Still, I found myself exiting the Montgomery St. BART/Muni station this afternoon, doing the “talk to the hand” gesture to someone who was trying to hand me a leaflet of some sort. I felt slightly guilty, having once handed out leaflets myself back when I was a starving student.
I had committed to sit on a panel discussing transportation in California. That I would be invited to share my opinion about something I know very little about was sure to be an ego boost, so I jumped at the chance. Accepting the $175 stipend (to cover one’s expenses… BART fare, $5, parking, $6, lost speaking engagement fees, $164… hmm… that works out perfectly) was regrettably out of the question, however, as Caltrans was footing the bill.
Of course, by the time today rolled around, I had a story to write about the Bay Bridge.
Psst. It’s closing this weekend, if you haven’t seen the light-up signs, heard the ads or found one of Caltrans’ fliers under your windshield wiper.

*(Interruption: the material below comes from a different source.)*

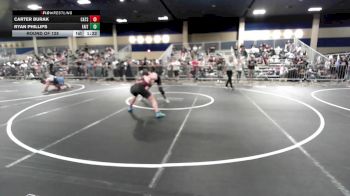 157 lbs Round Of 128 - Carter Burak, Cats WC vs Ryan Phillips, Faito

So I show up at 44 Montgomery Street and find out that I’m one of a dozen people in a focus group on Caltrans, its future, its image and its relationship to public transportation. I’m told I can’t attribute anything without getting permission after the two-hour session, so I won’t bother here.
Even though it used up valuable time as Channel 2 was stomping around Treasure Island reporting on jacks that failed to lift one end of the new Yerba Buena Island Viaduct, I really learned a lot from the group.
First a consensus, more or less, was reached that Caltrans Director Will Kempton was doing a bang-up job, in spite of the fact that the organization’s culture doesn’t reward taking risks in order to solve problems for the public.
Like me, Caltrans has had trouble committing.
They mentioned rebuilding the MacArthur Maze in a few weeks showing what the organization was capable of, once unshackled of its bureaucratic prerogatives.
I haven’t been around these parts for long, but I have gathered that Caltrans is not held in the highest of regard by Californians.
What I didn’t realize, however, was how much a roomful of Bay Area transportation professionals had to unload on the department.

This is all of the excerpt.